In the Nashville Area Chamber of Commerce’s 19th annual report card on local schools, business leaders have outlined recommendations making the district more user-friendly for parents and making schools more accountable for student scores on ACT college entrance exams, writes Julie Hubbard at The Tennessean.
In the report, business leaders outlined how they want more of a focus on how many students score a 21 on the ACT, which is the threshold to qualify for a state-funded HOPE scholarship.
“We had a lot of kids who didn’t move up the ramp as quickly as they need to,” said committee Co-Chairman Ron Corbin.
“What gets measured gets done, and the ACT is one of the most comprehensive measures you can have relative to college preparedness and job readiness.”
The chamber wants to see the state Department of Education to use the scores from the test that every high school student must take, and use them to evaluate whether the schools are making adequate process.
Tennessee has applied to the federal government to opt out of No Child Left Behind and set its own measuring system for schools.
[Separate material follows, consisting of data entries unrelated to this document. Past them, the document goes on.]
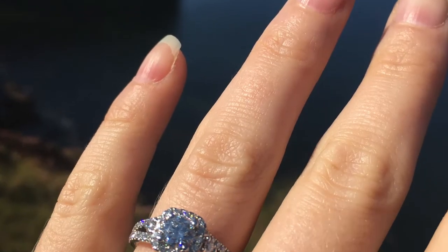I got engaged way back in September of 2018 and at the time we were really excited and not in a rush to plan a wedding at all. Little did we know.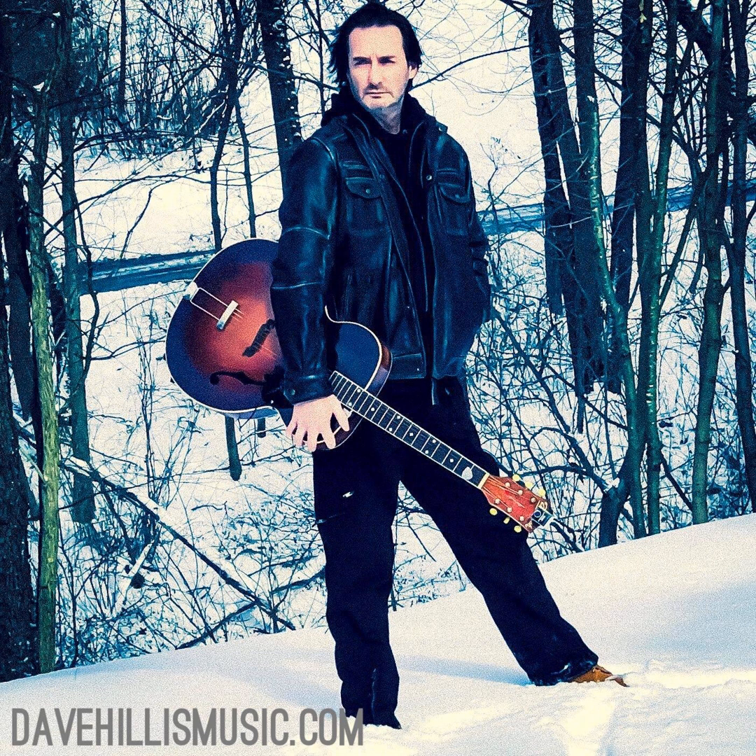Dave, are you ready to rock? I'm ready. Glad to have you here, man. Tell us a little bit more about who you are and how you got started in recording. You've got a pretty great story about playing music and being part of the beginning of the grunge scene.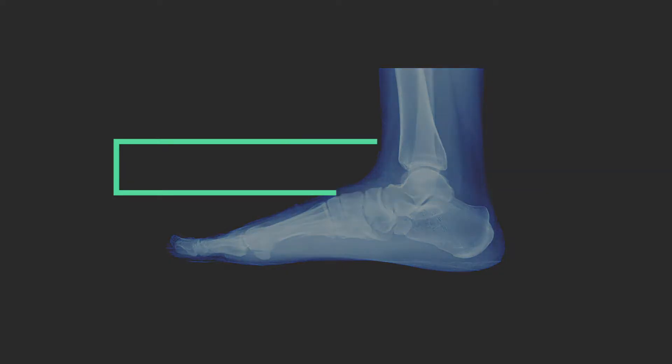There are many causes of numbness in the foot. It can present as numbness, tingling, burning, and even neuropathic pain.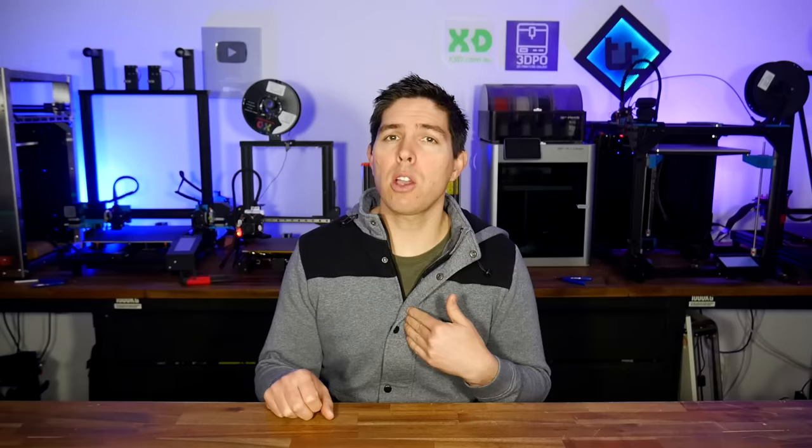3D printing has its limitations, but overall it is incredible. Some people, however, have formed the opinion that 3D printing is a useless hobby for making useless objects. And in my opinion, that couldn't be further from the truth. Now, I'm going to provide the evidence to back this up. If someone you know is disrespecting 3D printing, just send them a link to this video.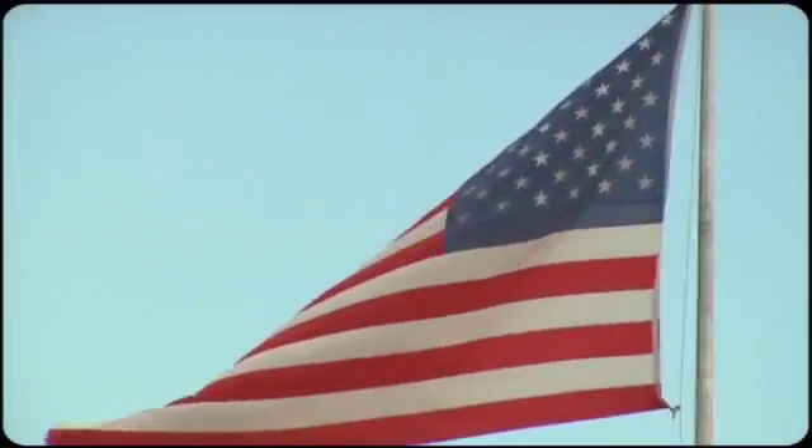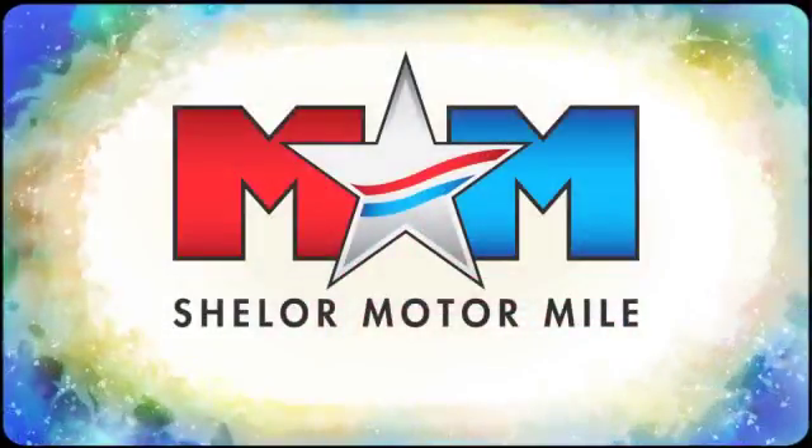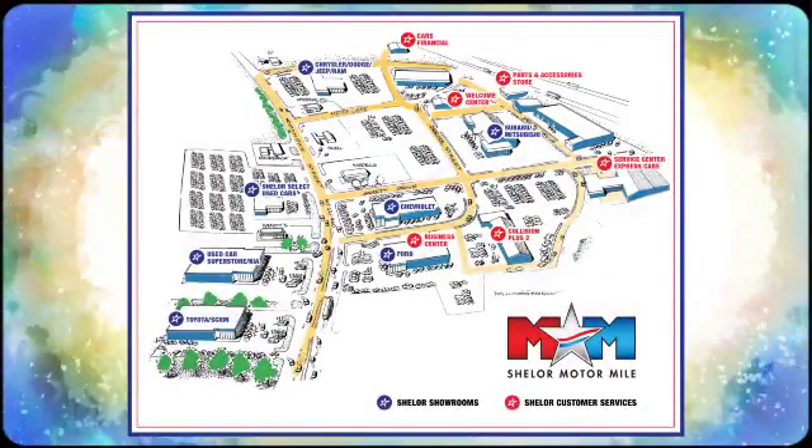So come visit us on the Motor Mile, where you're always a name and never a number. Call, click, or stop in. We're conveniently located at 200 Motor Lane in Christiansburg, Virginia.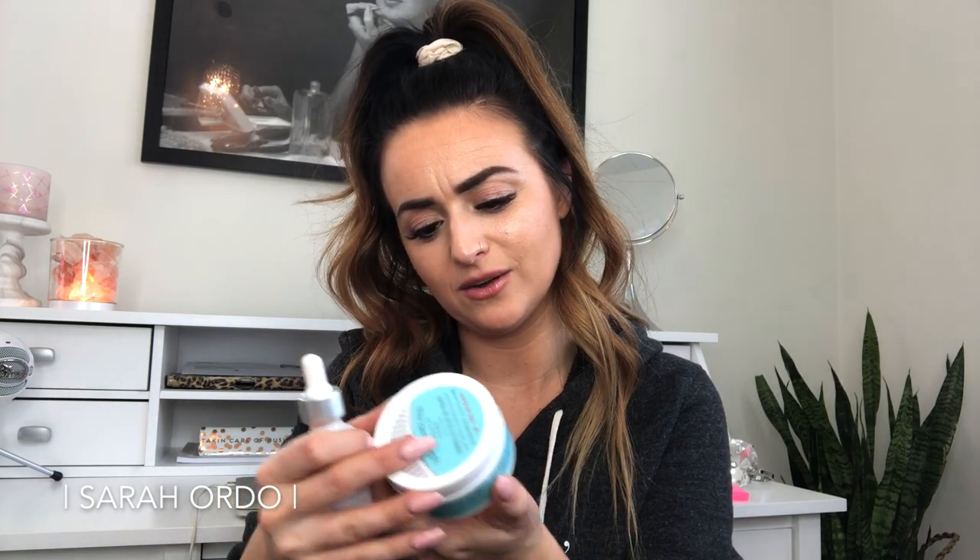The next two skincare items are a little more exfoliating, toning, and anti-aging focused. The first thing I've been trying are the First Aid Beauty Facial Radiance Pads. They come in a little jar and are meant to exfoliate, tone, and brighten the skin. These have aloe and hyaluronic acid, but they also have lactic acid and glycolic acid in them, which are great for resurfacing the skin, smoothing it, reducing the look of fine lines and pores, brightening, and exfoliating dead skin off the surface.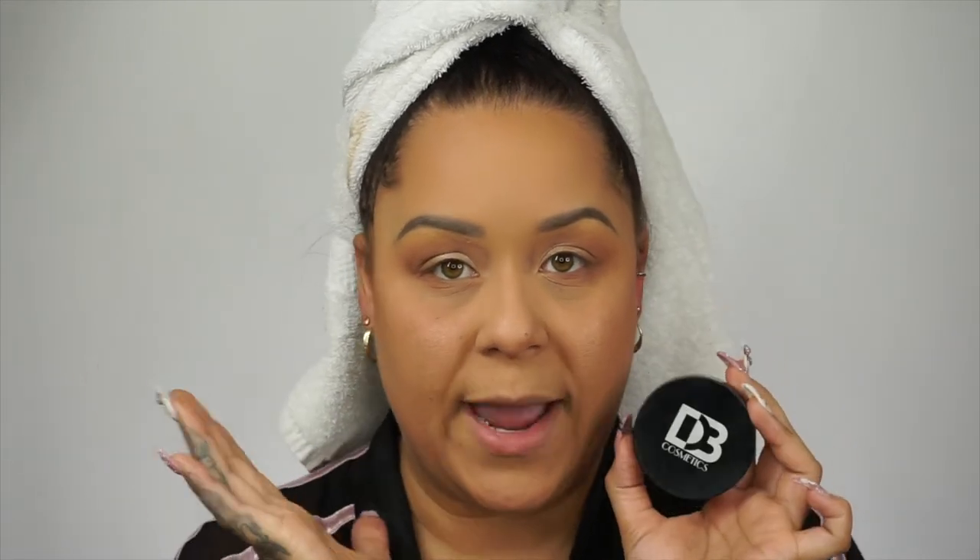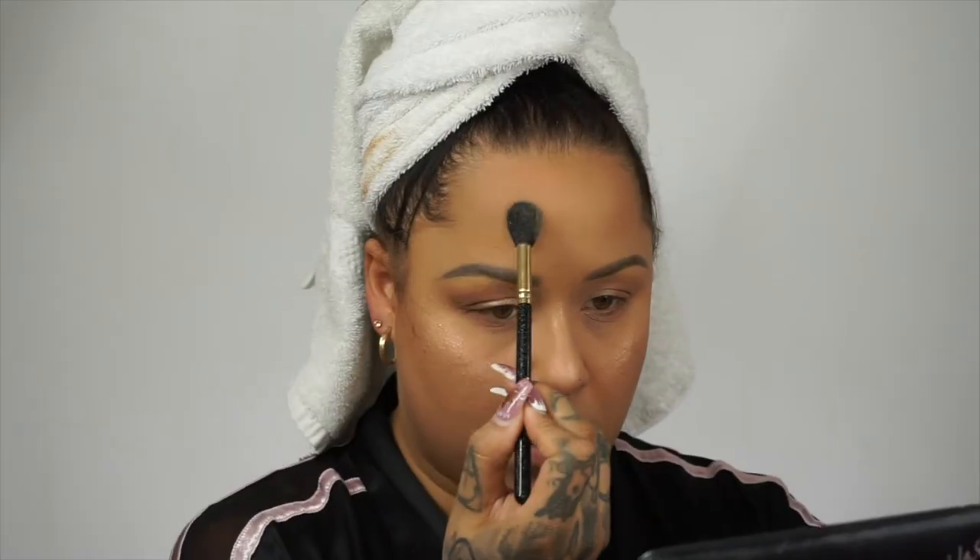Now I'm taking a little bit of bronzer — MAC Soft Focus — and just hitting a tiny bit of sculpting around the face. For my glow I'm going in with Desiderio Beauty just for a nice fresh wet look to the face, so it looks super hydrated. It just catches the light right in the center of the face.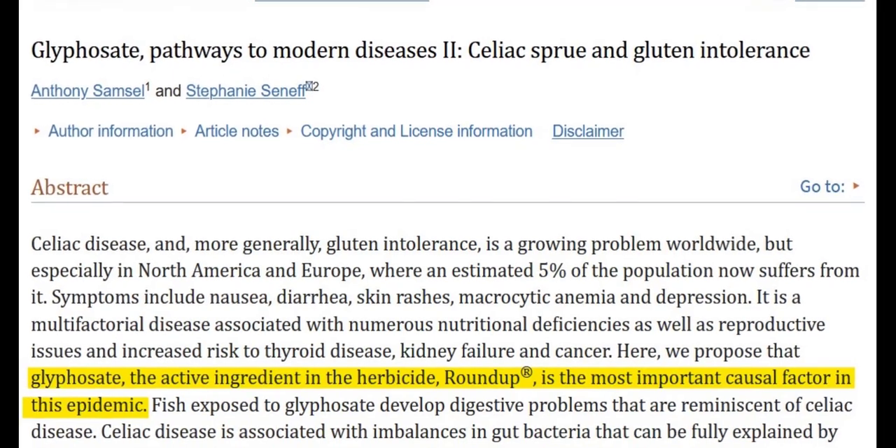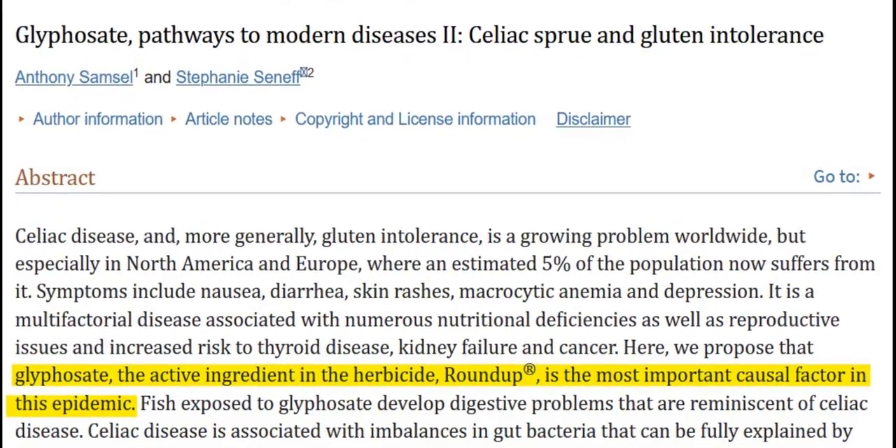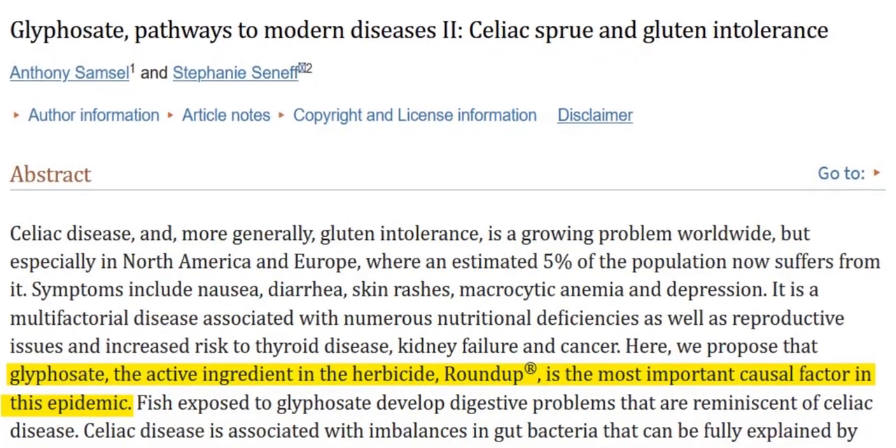Glyphosate thins and damages the intestinal lining, so the glyphosate-gluten combination is a one-two punch to gut health. It makes sense that GMOs have increased gluten sensitivity and celiac disease.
The chamber report also recommended that schools use more data from new software that tracks individual student attendance, discipline, benchmark testing results and other trends.
“We didn’t sort through what that should look like, but it was inspired by a teacher talking to our committee who said if you want to communicate to parents effectively, you have to do it on intervals and methods intuitive to them,” said Marc Hill, chief policy officer for the chamber.
The report contains pages of polling and performance data, highlighting aspects such as the fact that public perception of schools’ performance has been almost flat for four years.
A district spokeswoman said leaders are already working on some of the suggestions.